Yo también. La denuncia de las mujeres se expande ahora por
los mundos de las artes, las letras, el periodismo y las universidades. Son cientos
de casos de abusos, acosos, incomodidades -no todos con la misma consistencia y
credibilidad- que hacen visible un fenómeno que se repite con los mismos
patrones y, tristemente, la misma no respuesta de las instituciones públicas o
privadas.
#MeToo son olas de denuncias que vienen creciendo hace años
en el mundo del espectáculo y que recientemente han ido reventando en
redacciones de medios grandes y pequeñas, universidades públicas y privadas,
instituciones de cultura, etcétera. La ola revienta y deja al descubierto todo
lo que arrastra: mujeres violentadas por individuos concretos, con nombre y
apellido, renombre y reconocimiento social, en medio de un machismo que
sabemos, que conocemos, y que hombres y mujeres practicamos con espeluznante
naturalidad en los espacios de trabajo y en la forma de relacionarnos (los
primeros porque les es cómodo; las segundas porque no tienen de otra).
En la ola viene de todo. Desde casos terribles de
violaciones, manoseos, vejaciones, hasta molestas conversaciones o pequeñas
venganzas que aprovechan la ola y el anonimato para desacreditar a una persona
en concreto. Es cierto que mezclar todo ello hace que los casos graves se
banalicen entre los otros, que se pierda la gravedad de la denuncia concreta,
sin embargo, tiene una gran virtud hacerlo en forma de olas: permite hacer
visible que no se trata de casos aislados sino de patrones culturales, de un
machismo arraigado más allá de lo que los hombres queremos ver.
Algunas instituciones han reaccionado a la ola enfrentándola,
generando protocolos de denuncia y atención. Otras simple y sencillamente han
quedado pasmadas, se sumergieron con la esperanza de que detrás no llegue la
ola que los revuelque. Pero si atendemos el fondo del #MeToo no se trata solo
de combatir el machismo como forma básica en las relaciones laborales o de
subordinación sino de feminizar el mundo, las instituciones, las empresas, las
escuelas, las iglesias, las familias.

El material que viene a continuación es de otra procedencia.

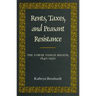 Rents, Taxes, and Peasant Resistance: The Lower Yangzi Region, 1840-1950
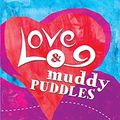 Cover Art for 9781291598070, Love and muddy puddles by Cecily Anne Paterson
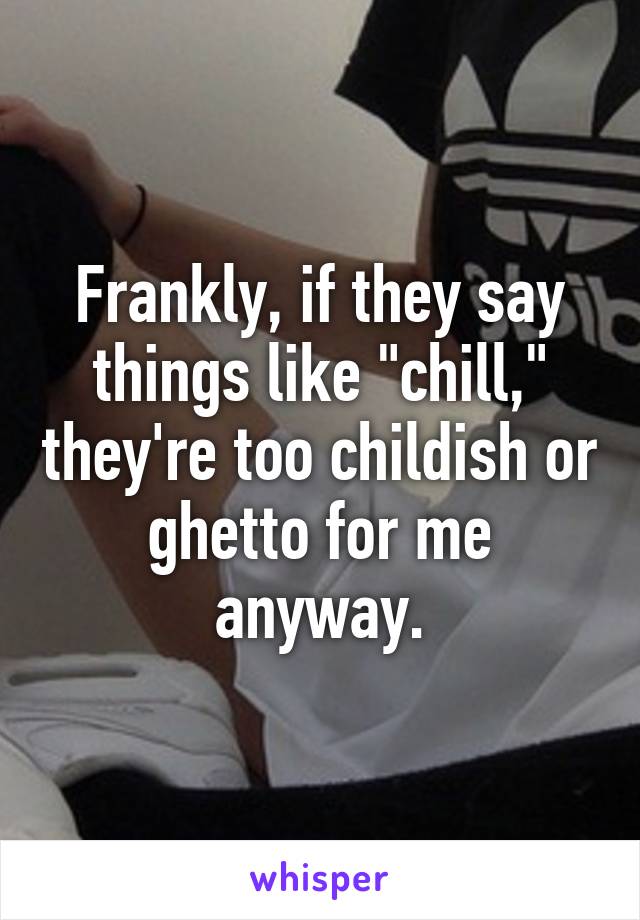 Frankly, if they say things like "chill," they're too childish or ghetto for me anyway.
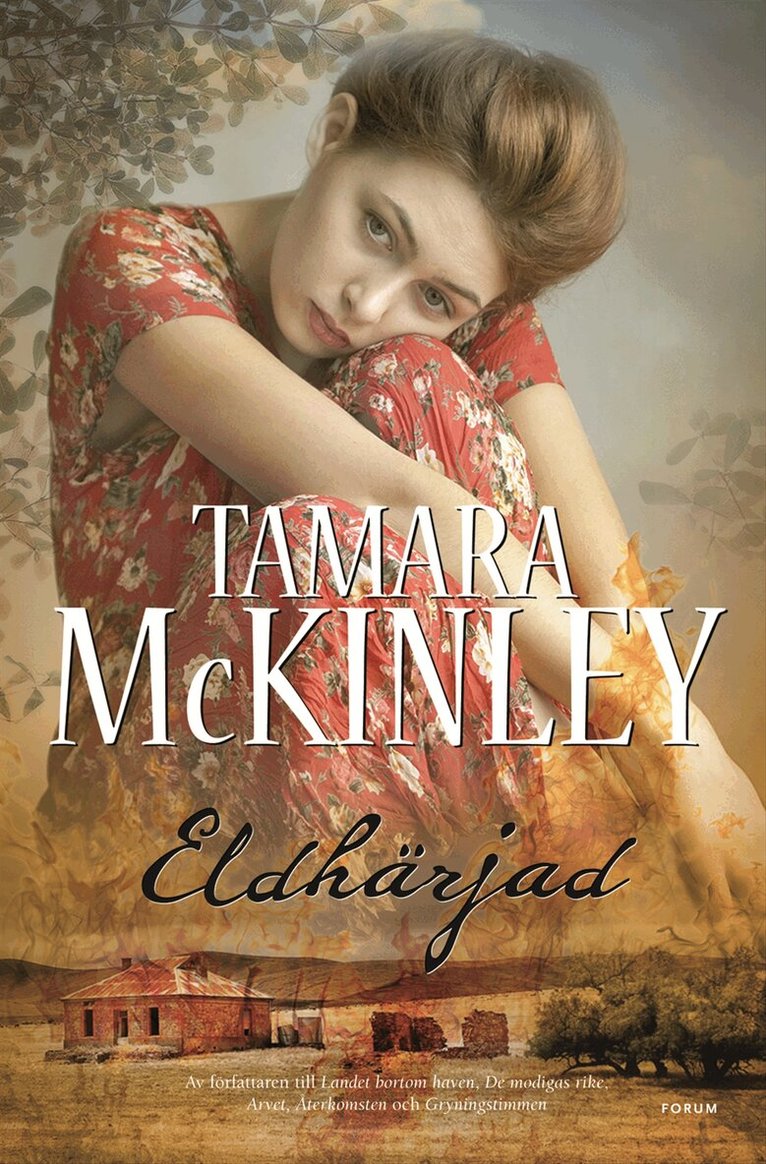 Tamara McKinley - Eldhärjad, Inbunden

Pocas palabras pueden aterrorizar tanto a
un macho, consciente o inconsciente, como ésta, pues implica, por supuesto,
entrar a lógicas que no solo atentan contra un status quo ancestral, sino que
implican para el hombre el riesgo de no caber, de no adaptarse en esa nueva
forma de gestionar las relaciones, pero sobre todo de perder el control de la
cultura, particularmente la cultura laboral.
La solidaridad con las mujeres violentadas quedará solo en un
gesto más de machismo perdona vidas si no iniciamos cambios de fondo en las
instituciones, pero sobre todo si éstos no se hacen por y desde las mujeres.